** Action item **
Could you please output only the lines from the one holding "Bottlenose dolphin in Adriatic" through the end of the listing below, exactly as written and without pictures?

** Dataset excerpts **
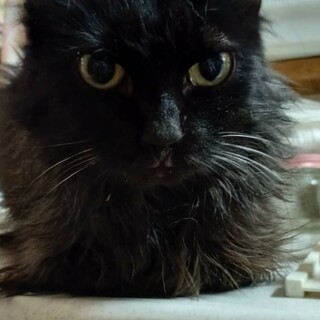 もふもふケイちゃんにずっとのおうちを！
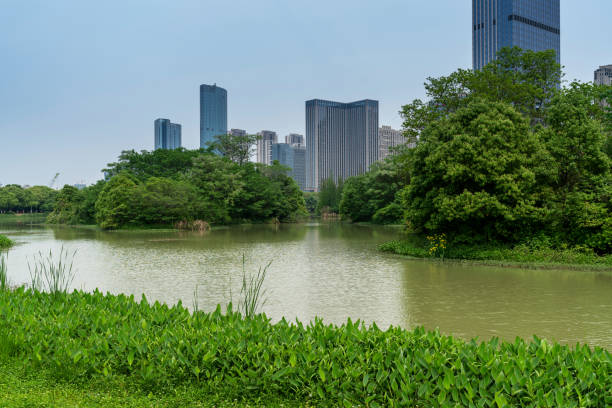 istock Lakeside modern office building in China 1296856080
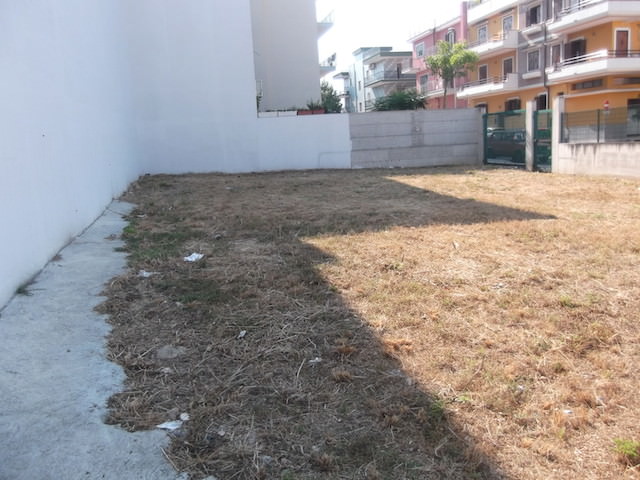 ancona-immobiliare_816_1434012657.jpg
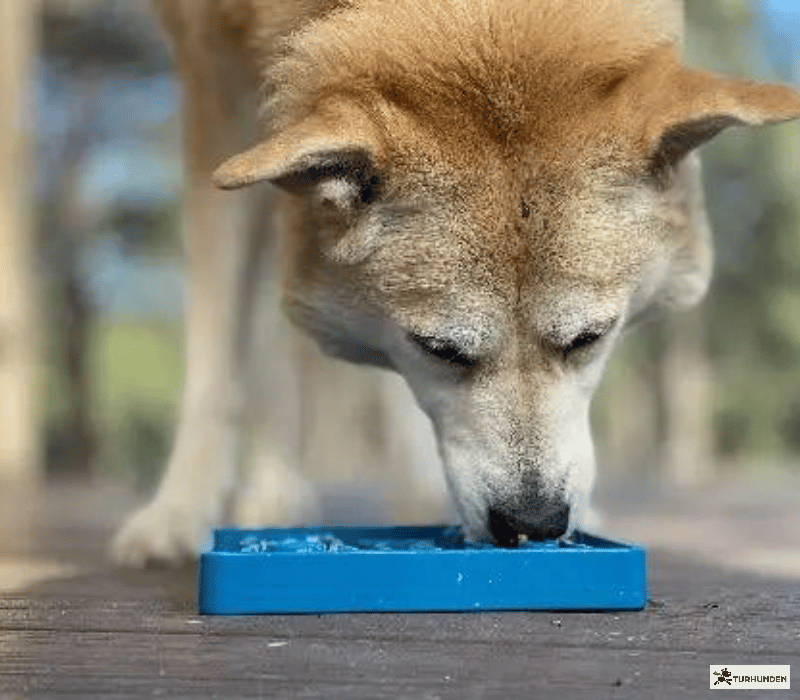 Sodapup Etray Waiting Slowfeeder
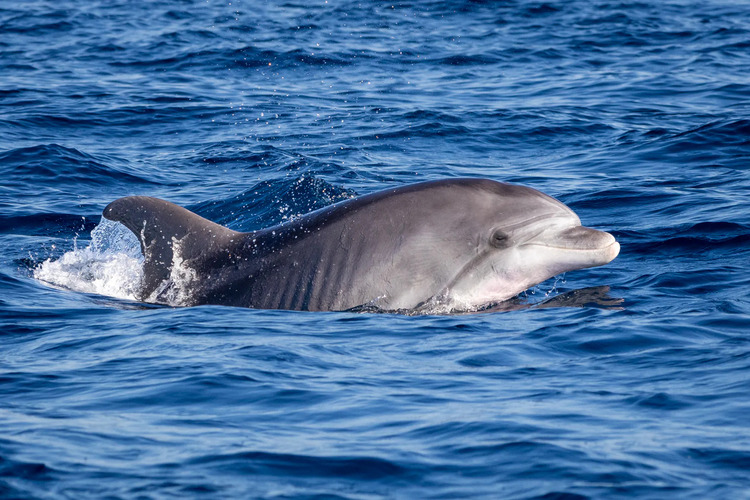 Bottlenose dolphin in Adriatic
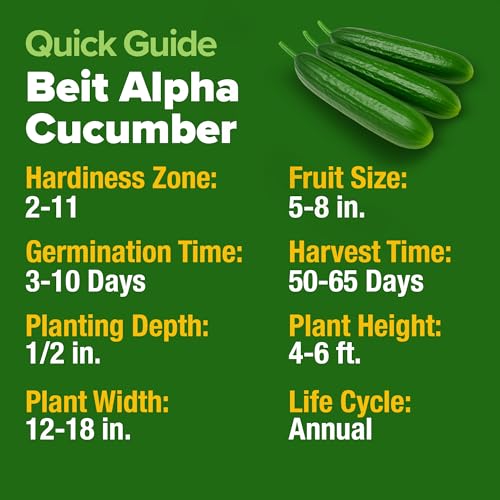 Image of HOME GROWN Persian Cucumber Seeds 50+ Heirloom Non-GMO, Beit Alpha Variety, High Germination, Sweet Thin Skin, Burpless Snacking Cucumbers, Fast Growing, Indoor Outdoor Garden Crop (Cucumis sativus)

** Answer **
 Bottlenose dolphin in Adriatic
 Image of HOME GROWN Persian Cucumber Seeds 50+ Heirloom Non-GMO, Beit Alpha Variety, High Germination, Sweet Thin Skin, Burpless Snacking Cucumbers, Fast Growing, Indoor Outdoor Garden Crop (Cucumis sativus)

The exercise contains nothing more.